The past half century has seen the original highway patrols and virtually synonymous state patrols leave behind their limited patrol, traffic enforcement, and commercial trucking supervisory duties to become state police in fact, if not in name. That trend is clearest with the Mississippi Highway Patrol, Missouri State Highway Patrol, Nebraska State Patrol, and Ohio State Highway Patrol, which have both uniformed and plainclothes officers who can arrest and investigate statewide for nontraffic criminal offenses. Even the more limited highway patrols have become centers for crime data collection, fingerprint identification, missing children alerts, sexual offender/predator tracking, and most recently antiterrorism security measures.

Highway patrols and state police share certain other characteristics. Responding to societal pressure and legal precedents, agencies generally recruited their first African American officers in the 1960s and first female officers in the 1970s. Both consistently school their officers in their own training academies, open in some states to local police. Motorcycle units, featured in the 1920s and 1930s, have reappeared after a hiatus. And, more important, whether highway patrols or state police, these agencies are called in to supplement correctional personnel during prison riots and local police overwhelmed by urban riots.

Typical traditional patrols are the Utah Highway Patrol (begun in 1923) and the North Dakota State Patrol (created in 1935). Responding to increasing numbers of vehicles and accidents, highway commissions in both states singled out a handful of employees for part-time use on the state roadways outside municipalities.
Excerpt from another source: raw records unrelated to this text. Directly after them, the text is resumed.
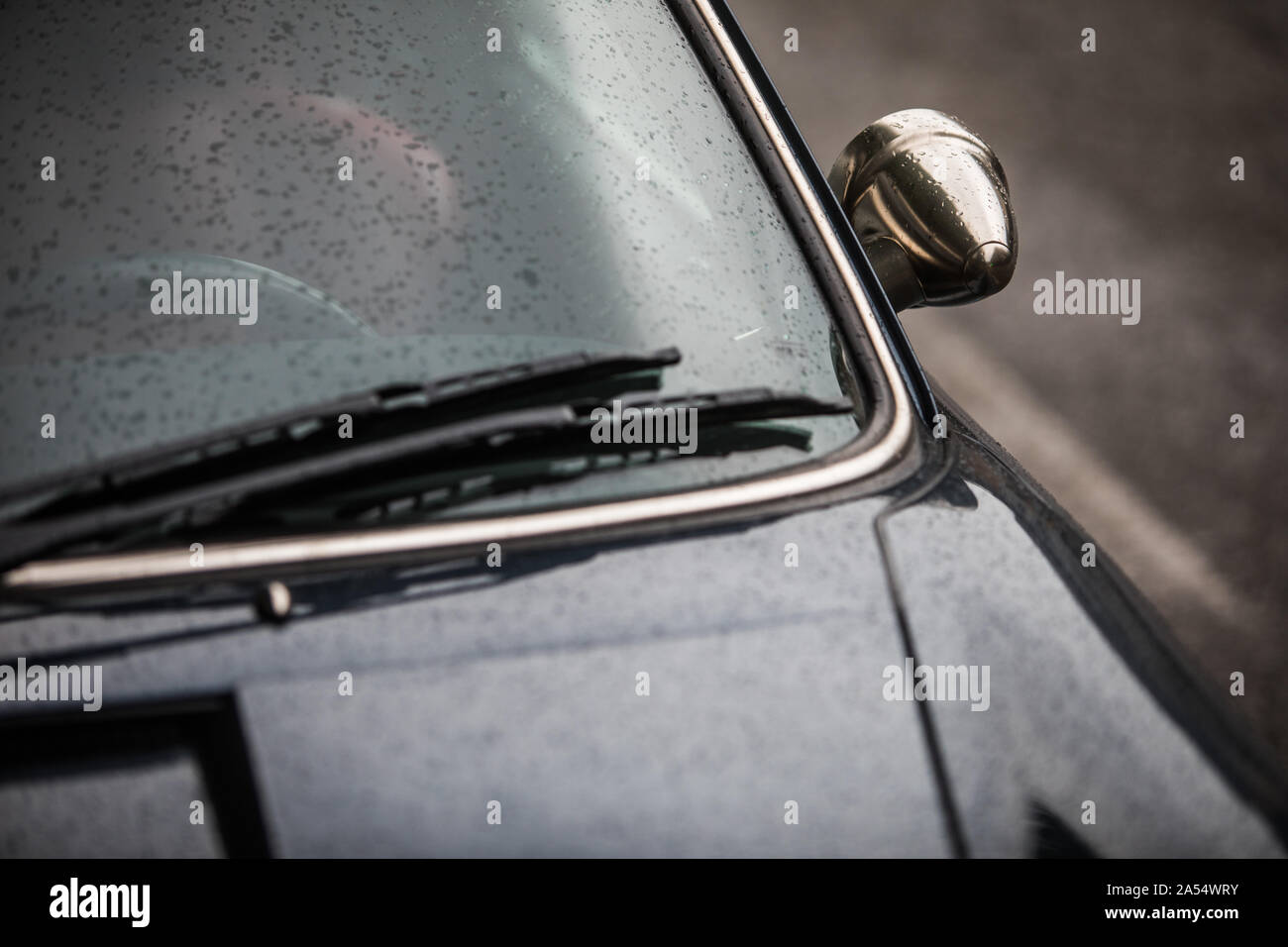 Reflector rear view mirror hi-res stock photography and images - Alamy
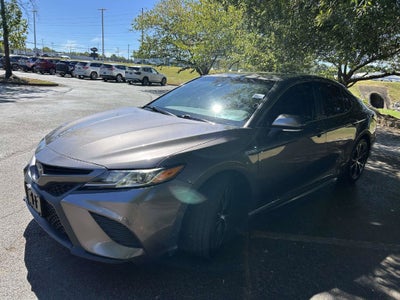 2020 Toyota Camry Hybrid SE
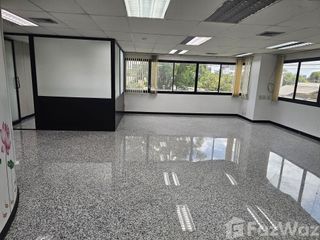 Büro zur Miete in Phra Khanong, Bangkok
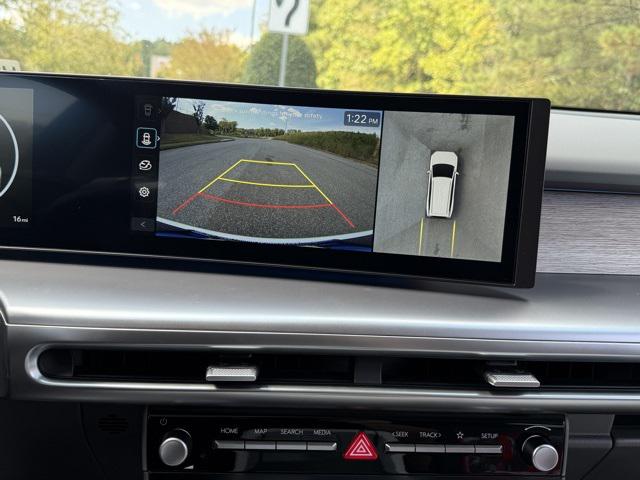2026 Hyundai Ioniq SEL photo 16
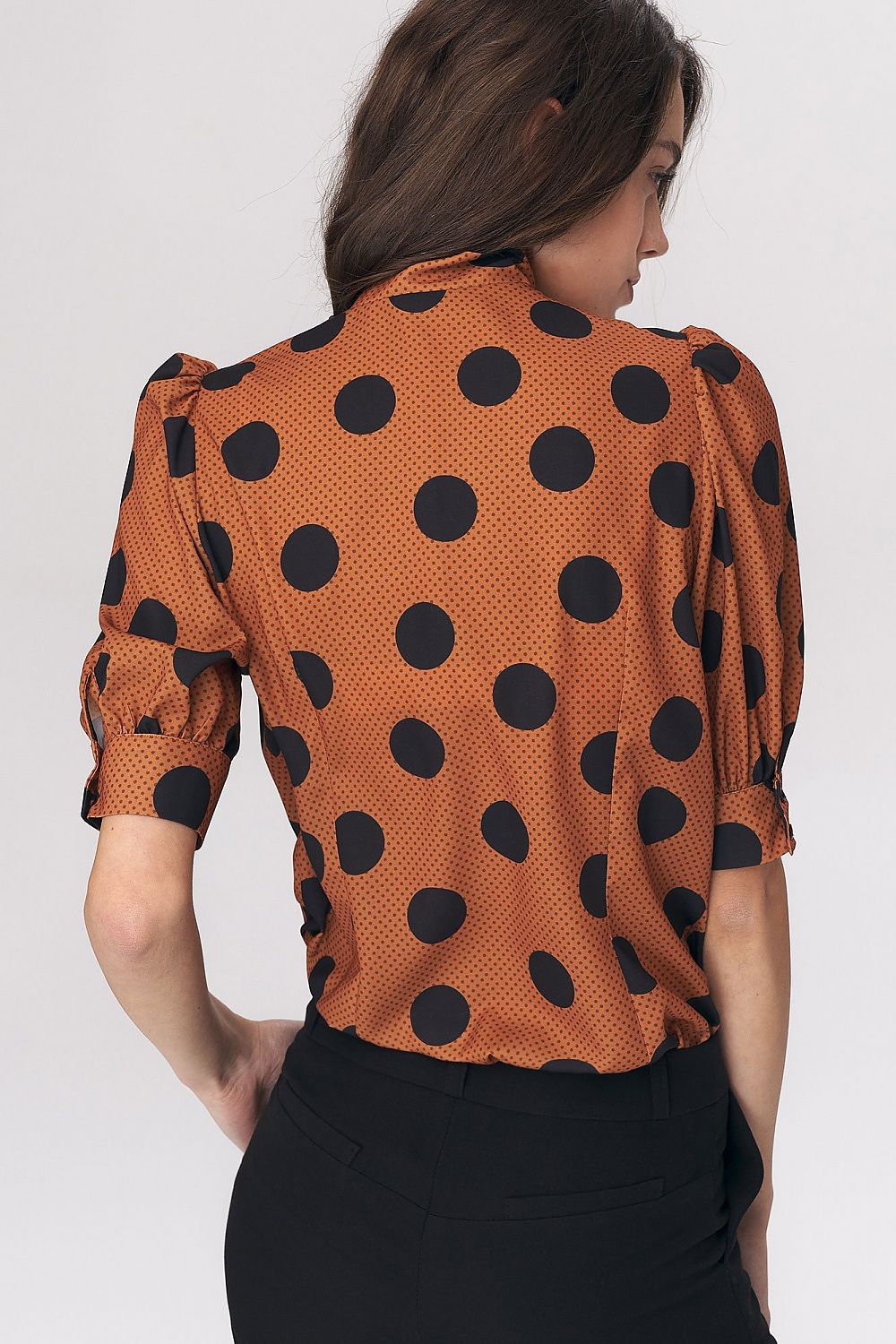  blouse model 141290 Nife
Those troopers or patrolmen, as they soon came to be known, searched the highways for speeders and other violators, administered driving exams once licenses became mandatory, and inspected vehicles, both private and commercial. Those early officers were neither appointed nor promoted under civil service regulations. During subsequent decades, both forces expanded in size, increased officers’ training, implemented civil service testing, employed new technologies, and utilized canine units. Those changes reflected not only increased drug enforcement and anti-terrorism security but also continuing service on the highways and in response to natural disasters, inclement weather, and other emergencies.

Other state agencies with similar origins, for example, the Virginia State Police or the Illinois State Police (ISP), have evolved beyond a chief emphasis on traffic enforcement. Despite organized labor’s long-standing opposition, between 1921 and 1923, Illinois established three state highway units: one directly under the governor that would become the ISP, another that still exists as the Illinois Secretary of State Police (ISSP), and a third under the public works department, absorbed into the ISP in 1939. The ISSP investigates auto theft and licensing fraud, provides security for the state capitol complex, and houses the state’s bomb unit. Much larger and more diverse in its responsibilities is the ISP, under a merit system by 1949. The ISP maintains a central repository for criminal statistics, histories, and fingerprints; has forensic laboratories around the state for its own and other jurisdictions’ investigations; registers firearms; employs polygraph operators; and investigates medical insurance and other fraud, elder and child abuse, and terrorist threats. It also still patrols the highways, responds to disasters or accidents, and quells riots.

In the 1920s, Illinois State Police advocates wanted to establish a force much like the state police in New Jersey (1921), New York (1917), West Virginia (1919), and most notably Pennsylvania (1905). Initial efforts failed, but the ISP—much like the Maryland or Michigan State Police— grew into that model in a piecemeal fashion. State police, and some highway patrols, are diverse forces that investigate crimes far removed from roads they first patrolled.